13% of universities (versus 15% in 1999) and slightly more than 3% of hospitals (versus 15% in 1999) reported being aware of at least one instance where the benefit from IP developed at the institution was realised by a foreign country; 39% (versus 37% in 1999) of universities (and 32% of hospitals, versus 26% in 1999) were aware of other instances where the institution had not gained the maximum benefit from IP developed within. The most cited barriers to IP commercialisation include: "premature disclosure of IP", "non-compliance with IP policies" (new), "lack of technology transfer capability" (new), "copyright infringement" (new), "inadequacy/lack of IP policies, protection or management", "lack of staff or funds" and "industry research contracts" (new).

For both universities and hospitals, it is the researcher that is primarily responsible for reporting new IP to the institution (unchanged); for universities, the option "other means/multiple approaches" has increased. In the last 5 years, 45% of hospitals (down from 47% two years earlier) and 48% of universities (up from 47%) have filed a patent application. In 2001, hospitals filed 65 new patent applications and were issued 42 patents. In the same time period, universities filed a total of 867 new patent applications and were issued 339 patents. In total, universities held 1.994 patents and hospitals 139 (up from 1.826 and 89 respectively, but including a greater number of institutions). The number of institutions registering copyright continues to be rather low, reflecting the fact that copyright protection is granted automatically in Canada and that many institutions do not keep detailed records of all works concerned by copyright. While in 2001 no industrial designs or integrated circuit topographies were registered, nine universities registered 17 trademarks (and 3 hospitals registered three). 5.9% of universities (up from 4.8%) protected a total of 16 new plant varieties. 44.7% of universities (up from 28.6 %) promoted 538 IPs, and 35.5% hospitals (up from 15.8%) did so for 107 IPs.

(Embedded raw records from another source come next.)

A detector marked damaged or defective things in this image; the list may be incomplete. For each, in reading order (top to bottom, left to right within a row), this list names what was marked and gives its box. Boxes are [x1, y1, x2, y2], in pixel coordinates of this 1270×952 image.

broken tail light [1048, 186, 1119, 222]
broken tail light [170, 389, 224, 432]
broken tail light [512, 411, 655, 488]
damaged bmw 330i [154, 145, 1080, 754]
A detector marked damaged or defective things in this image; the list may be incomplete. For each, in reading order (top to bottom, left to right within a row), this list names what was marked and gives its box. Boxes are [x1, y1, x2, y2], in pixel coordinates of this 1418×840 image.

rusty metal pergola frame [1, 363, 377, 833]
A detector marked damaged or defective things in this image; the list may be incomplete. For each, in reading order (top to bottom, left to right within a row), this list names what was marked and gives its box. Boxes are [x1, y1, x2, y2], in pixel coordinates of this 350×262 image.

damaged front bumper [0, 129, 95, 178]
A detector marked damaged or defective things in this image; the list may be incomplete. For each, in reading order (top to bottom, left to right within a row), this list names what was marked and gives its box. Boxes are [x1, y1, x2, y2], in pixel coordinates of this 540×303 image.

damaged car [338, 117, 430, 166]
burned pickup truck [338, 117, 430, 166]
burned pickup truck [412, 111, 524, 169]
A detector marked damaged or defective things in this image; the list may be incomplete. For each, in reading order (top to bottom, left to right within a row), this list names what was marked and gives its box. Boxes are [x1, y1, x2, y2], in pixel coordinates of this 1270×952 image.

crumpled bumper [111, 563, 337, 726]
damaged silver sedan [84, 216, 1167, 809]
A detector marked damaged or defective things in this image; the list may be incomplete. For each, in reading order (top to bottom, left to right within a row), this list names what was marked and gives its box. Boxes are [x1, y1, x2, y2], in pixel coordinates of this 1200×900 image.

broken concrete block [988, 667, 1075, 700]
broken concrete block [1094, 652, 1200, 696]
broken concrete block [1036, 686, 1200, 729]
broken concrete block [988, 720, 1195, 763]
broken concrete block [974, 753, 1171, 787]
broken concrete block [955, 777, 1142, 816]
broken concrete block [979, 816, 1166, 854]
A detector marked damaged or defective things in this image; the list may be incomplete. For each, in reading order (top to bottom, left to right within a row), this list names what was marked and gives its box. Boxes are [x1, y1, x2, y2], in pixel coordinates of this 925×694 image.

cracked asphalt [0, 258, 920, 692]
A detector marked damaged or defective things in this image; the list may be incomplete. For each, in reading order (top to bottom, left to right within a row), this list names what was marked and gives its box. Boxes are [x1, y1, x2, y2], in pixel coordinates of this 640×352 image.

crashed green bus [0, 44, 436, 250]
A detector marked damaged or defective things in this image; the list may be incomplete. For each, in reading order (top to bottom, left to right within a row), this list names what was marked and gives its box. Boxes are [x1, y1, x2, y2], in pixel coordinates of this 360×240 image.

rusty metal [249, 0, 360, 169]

36.5% of universities (up from 33% in 1999; and 29% of hospitals, up from 26%) have licensed their technologies and possess in total 1.338 active licenses (86 for hospitals). Royalty income from licensing amounted to C$ 44.4 million (up from C$ 18.8 million) for universities, and to C$ 3.2 million (up from C$ 2.2 million) for hospitals. To date, universities and their affiliated research hospitals have created a total of 680 spin-off companies to commercialise their technologies, in most cases with a view to licensing technology only (41%, down from 46%). For universities, the value of remaining equity in spin-offs was C$ 45.1 million (down from C$ 54.6 million in 1999, due to falling stock markets).